"""
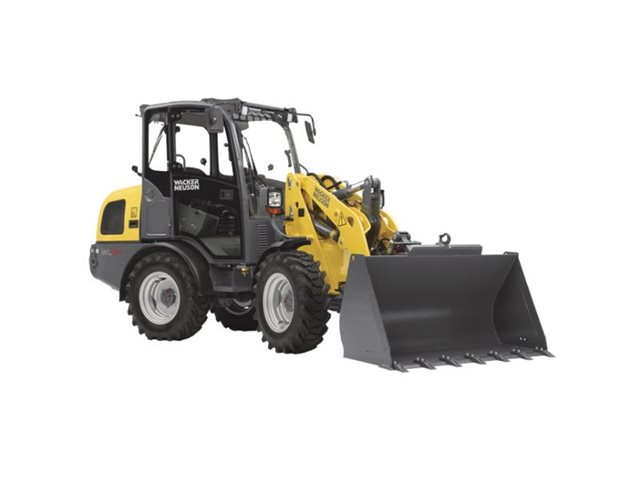 2020 Wacker Neuson Articulated Wheel Loaders WL34 at Wise Honda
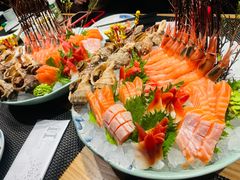-虹料理·日料放题(悠方店)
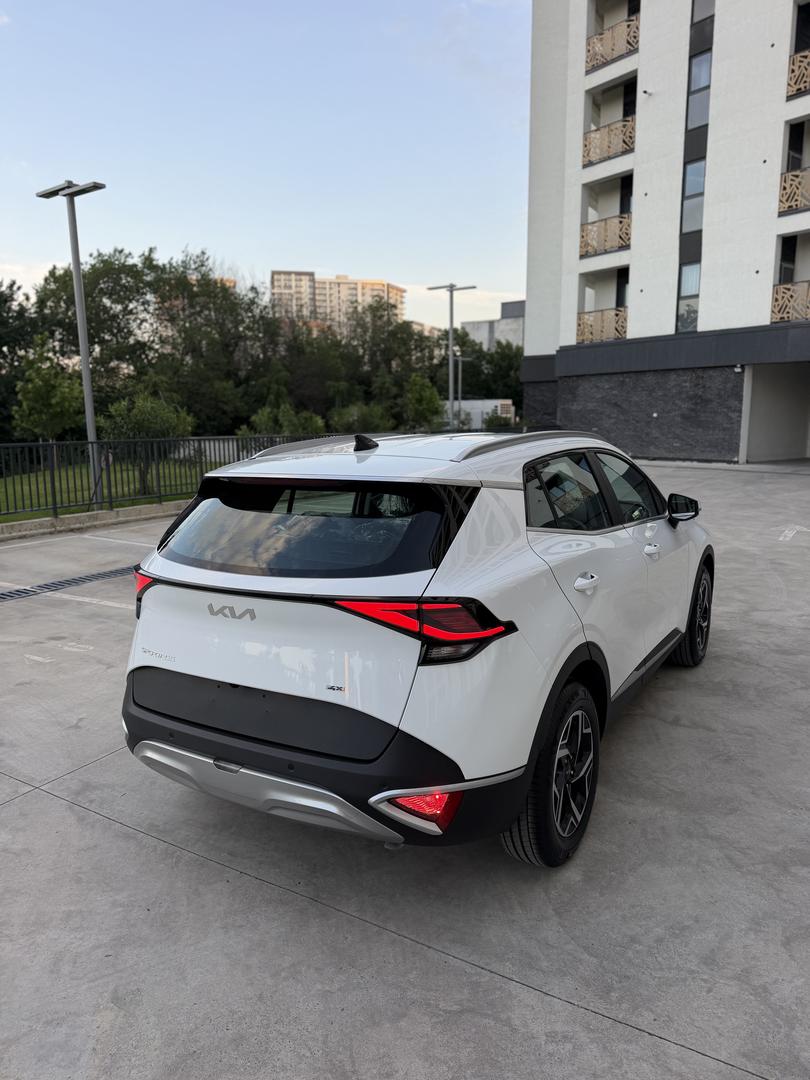 Kia Sportage 2025 — photo 2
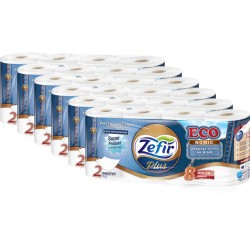 Papier toaletowy ZEFIR Plus...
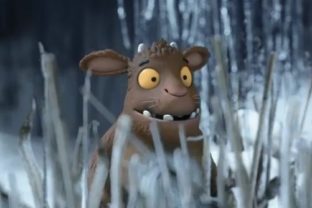 Gruffalovo mláďa
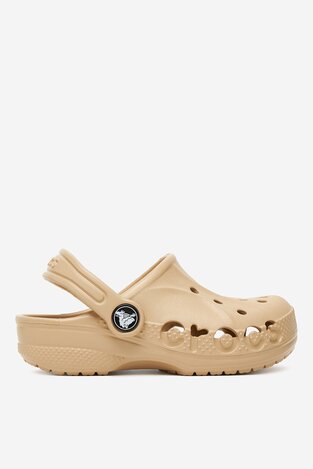 Шльопанець для басейну Crocs C-BAYA CLOG T 207012-212 БЕЖЕВИЙ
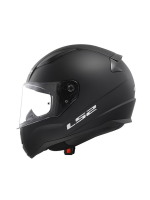 LS2 Rapid 2 Mat Siyah Full Face Kask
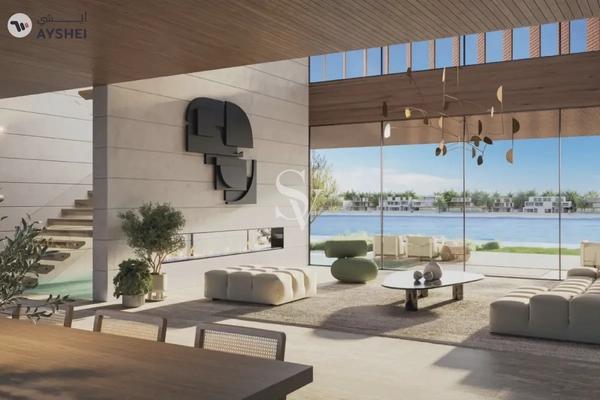 Frond D, Palm Jebel Ali, Dubai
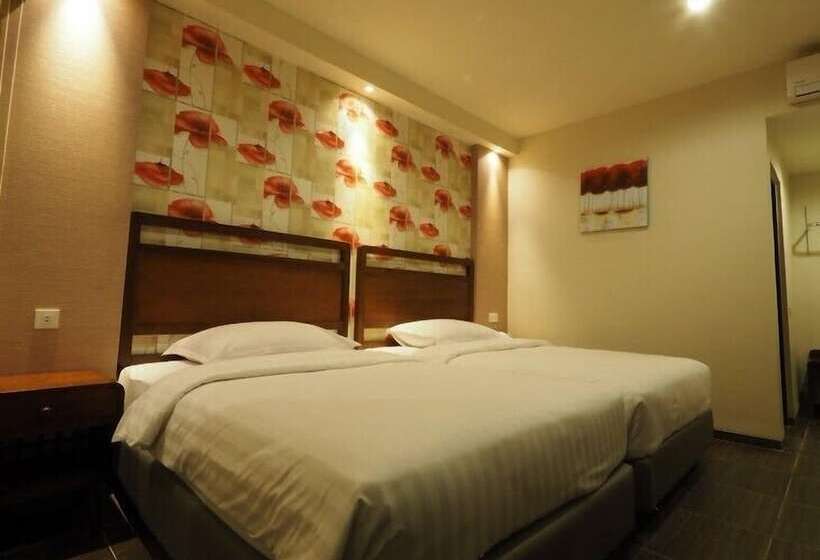 בית מלון כפרי De Boutique Style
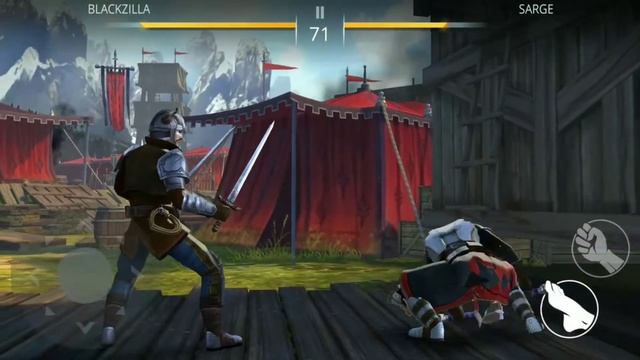 Shadow Fight 3 SARGE ROUND 1 ONLY | DIFFERENT WEAPONS смотреть онлайн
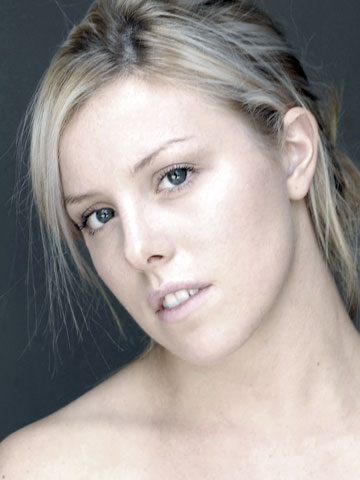 Female model photo shoot of Emelie Johansson by GR fotos in Los Angeles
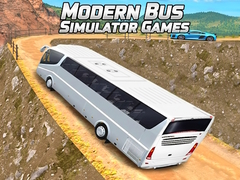 Mäng Modern Bus Simulator Games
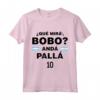 Que Mira´Bobo - Argentina 10 Maglietta for World Cup 2022 - Support Messi and Vamos Argentina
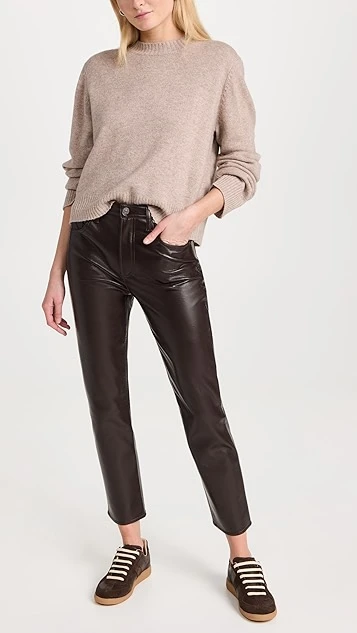 Citizens Of Humanity Jolene High Rise Vintage Slim Pants 6 Citizens Of Humanity Jolene High Rise Vintage Slim Pants - Image 4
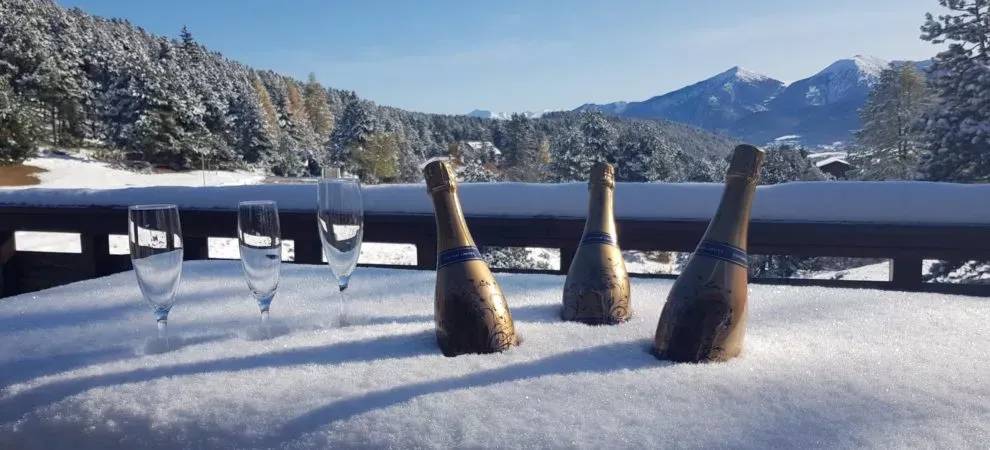 Séjour de Nouvel An au Chalet du Ticou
"""
**REQUIRED WORK**
Every line from the one containing "Gruffalovo mláďa" to the final line of the records must be transcribed exactly, both ends included, with the pictures left out.

**ANSWER FOR THIS EXERCISE**
 Gruffalovo mláďa
 Шльопанець для басейну Crocs C-BAYA CLOG T 207012-212 БЕЖЕВИЙ
 LS2 Rapid 2 Mat Siyah Full Face Kask
 Frond D, Palm Jebel Ali, Dubai
 בית מלון כפרי De Boutique Style
 Shadow Fight 3 SARGE ROUND 1 ONLY | DIFFERENT WEAPONS смотреть онлайн
 Female model photo shoot of Emelie Johansson by GR fotos in Los Angeles
 Mäng Modern Bus Simulator Games
 Que Mira´Bobo - Argentina 10 Maglietta for World Cup 2022 - Support Messi and Vamos Argentina
 Citizens Of Humanity Jolene High Rise Vintage Slim Pants 6 Citizens Of Humanity Jolene High Rise Vintage Slim Pants - Image 4
 Séjour de Nouvel An au Chalet du Ticou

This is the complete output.